Last Wednesday, author and journalist Elif Batuman graced Russell House with a reading of some of her characteristically clever work. A staff writer for The New Yorker, Batuman was recently a writer-in-residence at the Koc University in Istanbul, and holds a Ph.D. in Comparative Literature from Stanford University. She was born to Turkish parents and grew up in New Jersey. She went on to study Russian literature as a graduate student.
Before the start of the reading, Batuman told a quick anecdote about purchasing a self-help book that recommended the disposal of home objects that no longer evoke joy. She consequently threw out every copy of her collection of essays, “The Possessed: Adventures with Russian Books and the People who Read Them,” in her apartment, and therefore had to read from an Australian copy of the book that she borrowed from Wesleyan. Most of the reading was dedicated to a segment of the collection called Who Killed Tolstoy?, which employs Batuman’s pet theory that Tolstoy was murdered as an exploratory tool to meditate on the man, his life, and his death. The piece is set at a conference on Tolstoy at his ancestral manse.
Batuman primarily writes about literature, specifically that of the Great Russians, in a vivifying manner that brings these vaunted and monolithic classics to life. Hers is a rich, drily funny, and slightly goofy gaze, as touched on by Visiting Professor of English, Hirsh Sawhney’s introduction. Ascribing her the role of author, essayist, and traveler, he said, “[Batuman has a] hunger for knowledge and a faith in serendipity and Pushkin’s prose.” He also noted her expert linking of literature and life, expressing, “[It is] personal, reflective, rigorous, and literary.”
Batuman’s work makes the argument for reading as living. In her prose, she perennially links some detail of a rainy day to an epigrammatic stream of associations, hooking a Sherlock Holmes case to an anecdote from Tolstoy’s married life, to a brief biography of one of his acolytes. She calls her new book, “The Idiot,” a semi-autobiographical novel, but chose not to read from it, saying that she didn’t yet feel completely happy with the work. Instead, she shared excerpts from her first book, “The Possessed.”

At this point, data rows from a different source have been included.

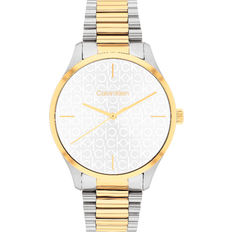 Calvin Klein Armbandsur Calvin Klein Iconic 25200167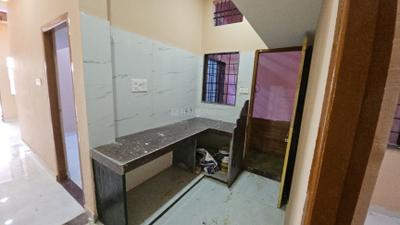 Kitchen Image of 800 Sq.ft 2 BHK Independent House for sale in Kandul Raipur for Rs. 3600000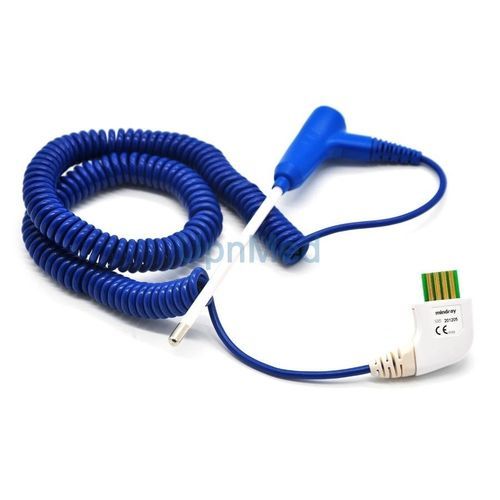 Датчик для измерения температуры - VS800 - Shenzhen UpnMed Equipment Co.,ltd - для мониторинга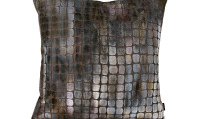 Kussen ZC379-02-tobia-multi-50cm-piped-cushion-multi_00 Kussen ZC379-02-tobia-multi-50cm-piped-cushion-multi_00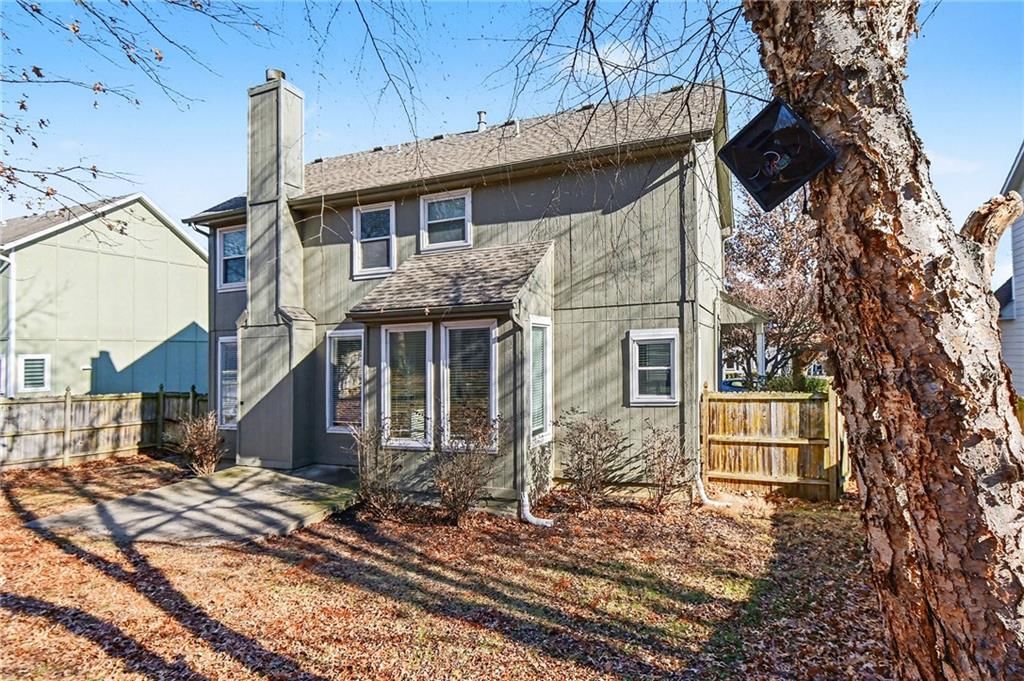 14508 S Rene Street — photo 21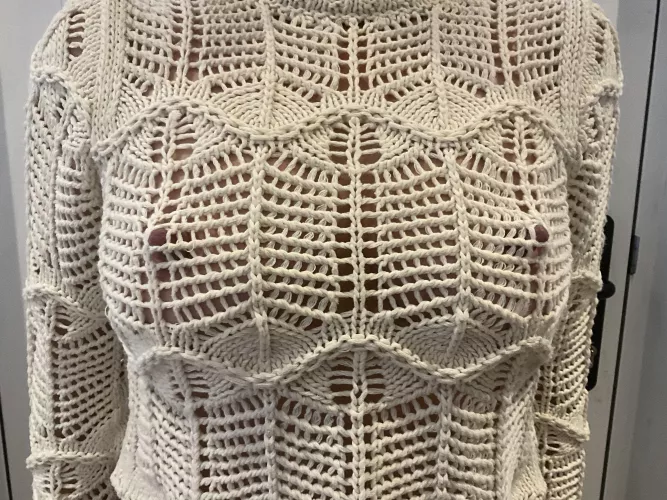 My erasers are here somewhere.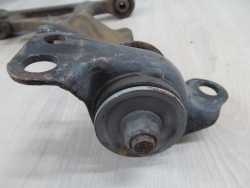 KIA MAGENTIS I 00-05  WAHACZ LEWY  PRZOD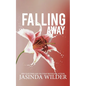 Falling Away - Paperback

One of the most pleasurable hallmarks of Batuman’s writing is a deep and genuine intellectual curiosity, a true delight in the eccentric and tragic outsized-ness of the individuals she chronicles. It’s this delight, curiosity, and intellectual pleasure that animate her work and her voice. As liberal arts students, we consume so much so quickly, both in terms of literature and culture, that pleasure can often take a backseat or even ease itself out of the picture to clear space for the gorging. Why do we read, if not for pleasure? Where do we want to get with the books or articles we read and tear to pieces on a daily basis? Do we want or need them to be meaningful to us at all? You can’t really teach pleasure of any kind, and you can’t really teach delight. It has to take seed and grow, and it’s increasingly rare. However, Batuman’s work possesses it.
Batuman speaks and writes to the pleasure of reading outside of academic confines. This is not to say there’s any hippy-dippy “Dead Poets Society” style goofery in her work. Instead, she demonstrates an internalization of theory and a sophisticated manner of thinking and writing about art, not to mention a rich sense of humor and empathy with the sad weirdo geniuses whose work she adores. Behind the Russell House podium, Batuman self-annotated as she read, skipping over chunks and paragraphs that she deemed boring in the moment.
“And then there’s a part where I go to the library and read,” Batuman summarized, flipping over a couple pages. “Riveting stuff.”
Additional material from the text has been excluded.